"""

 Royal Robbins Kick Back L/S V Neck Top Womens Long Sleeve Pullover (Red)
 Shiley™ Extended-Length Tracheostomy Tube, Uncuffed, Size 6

"""
"""

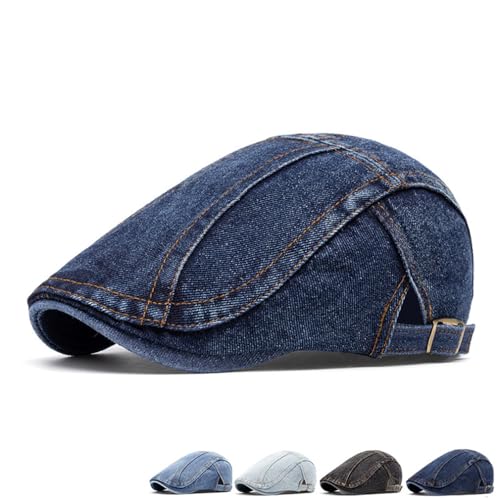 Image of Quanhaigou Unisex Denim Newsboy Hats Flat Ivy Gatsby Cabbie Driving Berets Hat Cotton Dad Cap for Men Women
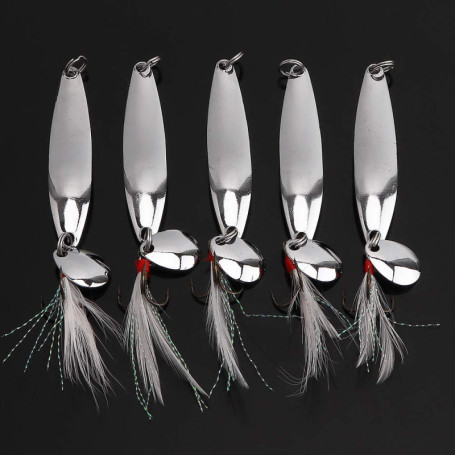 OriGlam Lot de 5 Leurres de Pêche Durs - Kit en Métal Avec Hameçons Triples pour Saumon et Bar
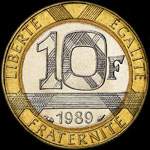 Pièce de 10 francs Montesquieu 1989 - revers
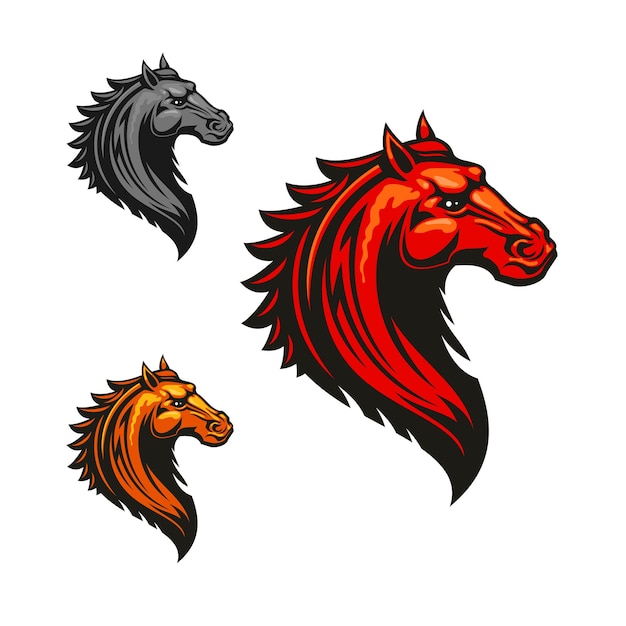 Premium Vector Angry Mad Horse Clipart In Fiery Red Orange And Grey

"""

ASSIGNMENT ::
Only the lines starting at the one that includes "Pièce de 10 francs Montesquieu 1989 - revers" and ending at the one that includes "Premium Vector Angry" should be retyped, exactly, from the records above; no pictures.

SOLUTION FOR THIS PROBLEM ::
 Pièce de 10 francs Montesquieu 1989 - revers
 Premium Vector Angry Mad Horse Clipart In Fiery Red Orange And Grey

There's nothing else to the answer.